Some types of growth and development can put strains on Oregon’s rivers by increasing the competition for scarce water resources.

Such issues include:
  • Constant demands by cities and other water users for new water rights
  • Calls for capital intensive and ecologically damaging new water storage projects
  •  Attempts to relax or eliminate existing protections for rivers, fish and instream flows

The water demands of growth are not limited to any one sector of society or the economy.

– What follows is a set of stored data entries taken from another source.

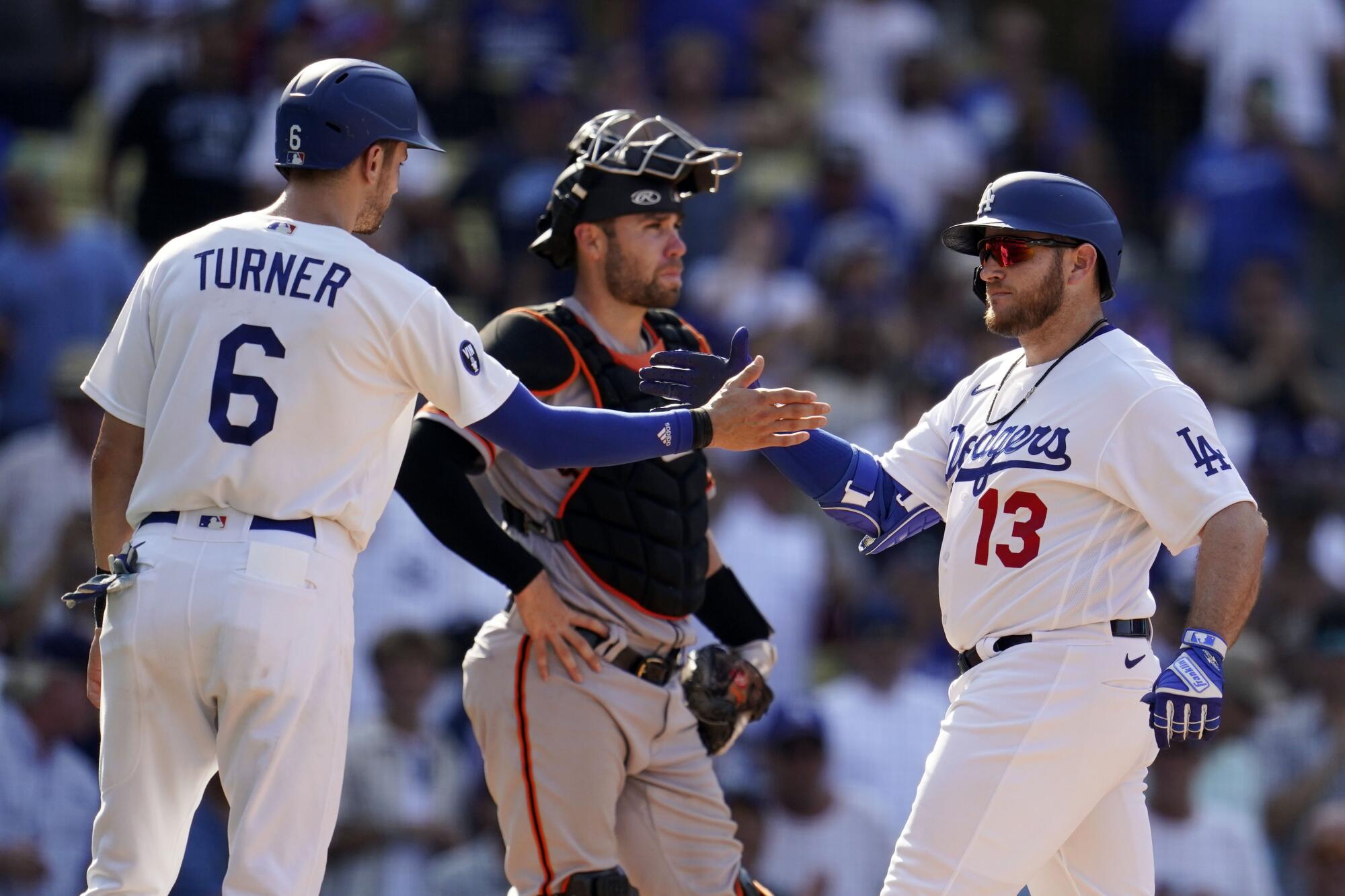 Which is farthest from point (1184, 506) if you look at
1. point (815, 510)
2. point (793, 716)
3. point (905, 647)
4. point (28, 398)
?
point (28, 398)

While cities routinely demand more water from our rivers, agriculture also contributes to the problem by demanding, for example, huge volumes of water to support schemes to grow corn in the desert for ethanol production.

Assuming some growth will occur, the questions become how to protect our rivers in the face of growth, how to rationally join land use planning and water use planning, and how to grow responsibly with respect to our rivers and aquifers.

Solutions for Oregon:
  • Implement basic water management tools like water measurement
  •  Make more efficient use of existing water supplies
  •  Reallocate water to higher beneficial uses



WaterWatch works to minimize the impacts of growth and climate change on Oregon’s rivers by promoting water conservation, improving water management, and ground-truthing claims used to support new water storage projects and increased water use.

Government Watch-Dogging

WaterWatch monitors all of the individual water allocation decisions across Oregon for compliance with the law and potential negative effects on our rivers. Our goals are legal compliance, agency accountability, and to ensure that rivers and the public have a voice in decisions affecting our rivers, streams and aquifers.